From the 1913 game Gus Dorais and Knute Rockne introduced the exotic weapon of the forward pass to the nation’s attention to the 1946 “game of the century” scoreless tie, the annual Army-Notre Dame game was a fall fixture that was always one of the highlights of the college football season.
Once it moved from West Point to New York City in 1923, and especially once it settled into Yankee Stadium from 1925-46, generations of soldiers and Notre Dame “subway alumni” made the trek from all over the country to revel in the spectacle.
In truth, however, for about a dozen years beginning in 1932 most of the reveling was being done by Notre Dame fans, as during that period the Ramblers had run off a streak of 10 wins and 2 ties, leaving the Cadets wondering whether that proverbial luck of the Irish might be more than just a folkloric superstition.
But when the 1944 season rolled around, there was little question that worms would be turning and scores would be settled. Going into the Armistice Day contest, the Army had rolled to six straight wins by an average score of 60 to 3. All-American Glenn Davis, the “Mr. Outside” to Doc Blanchard’s “Mr. Inside” in the Army backfield, had scored a touchdown EVERY OTHER TIME he had carried the ball. A Notre Dame scout who had been following the Cadets during that span had but one suggestion to coach Ed McKeever: “Cancel the game.”

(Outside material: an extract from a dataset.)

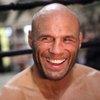 Randy Couture answers questions at his gym Xtreme Couture in Las Vegas Thursday in preparations for his upcoming fight against Antonio Rodrigo Nogueira in Portland, Ore on August 29.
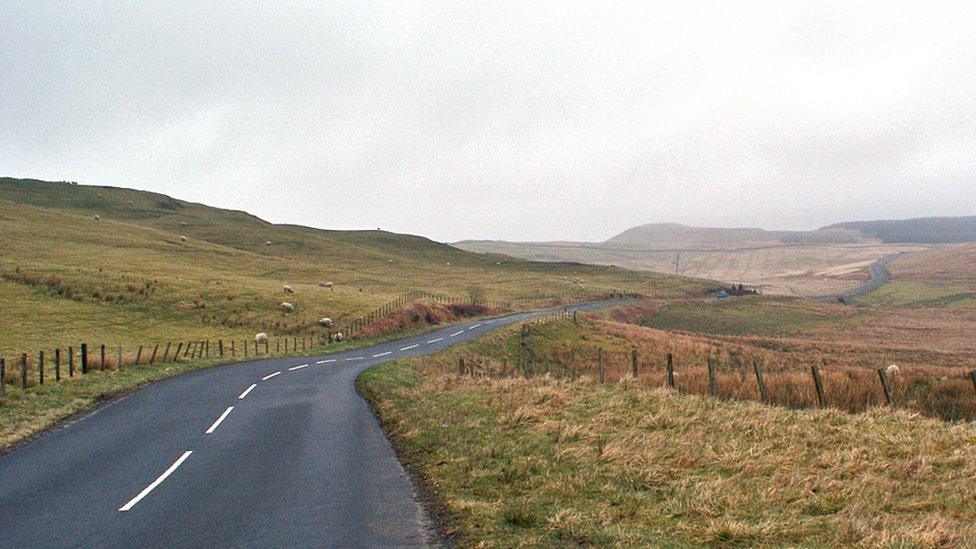 B723 road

There was little reason to doubt the estimate of one Army colonel that the Cadets alone could have sold 200,000 tickets. Army fans had been waiting 13 years for this day.

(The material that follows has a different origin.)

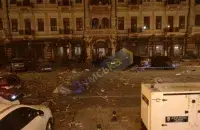 Последствия обстрела Одессы 31 января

And from the opening kickoff, the soldiers and their fans were not to be disappointed. Taking the ball on their first possession, the Cadets drove 48 yards for a touchdown. By the end of the first quarter it was 20-0. The second quarter added 13 more to that. Entering the final quarter the margin was 46. And at the sound of the final gun, the score was an almost unimaginable 59-0.

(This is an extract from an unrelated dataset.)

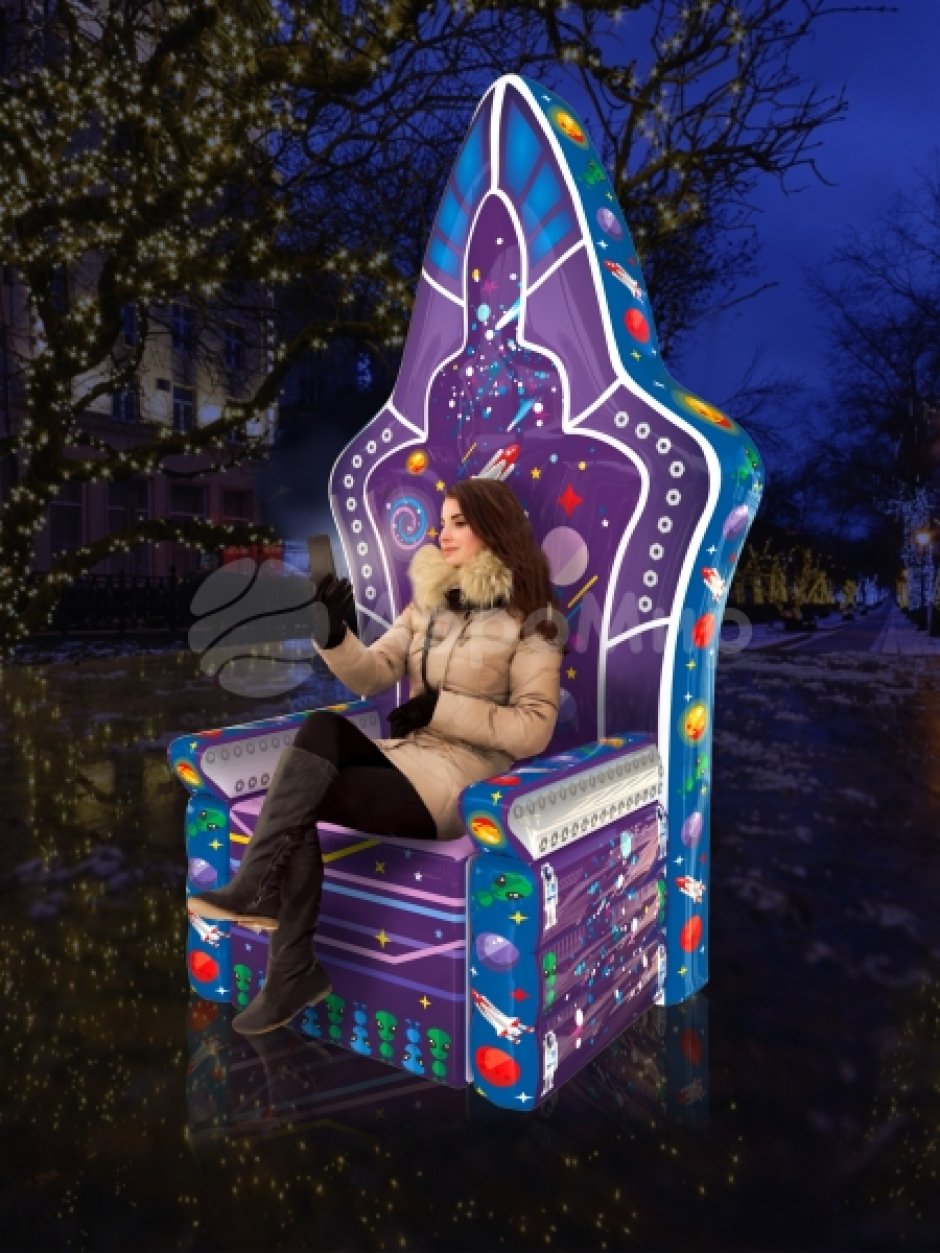 Новогодний Космотрон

Beyond the revenge factor, though, the Army had a particular reason to give this game special attention. Sitting in a wheelchair on the sideline was a former Army player and assistant coach named “Red” Reeder, who had lost part of his leg in the recent D-Day invasion at Normandy. General George Marshall had arranged for him to be flown up from Walter Reed Hospital so that he could see his former team in action, and the Cadets had dedicated this game to him.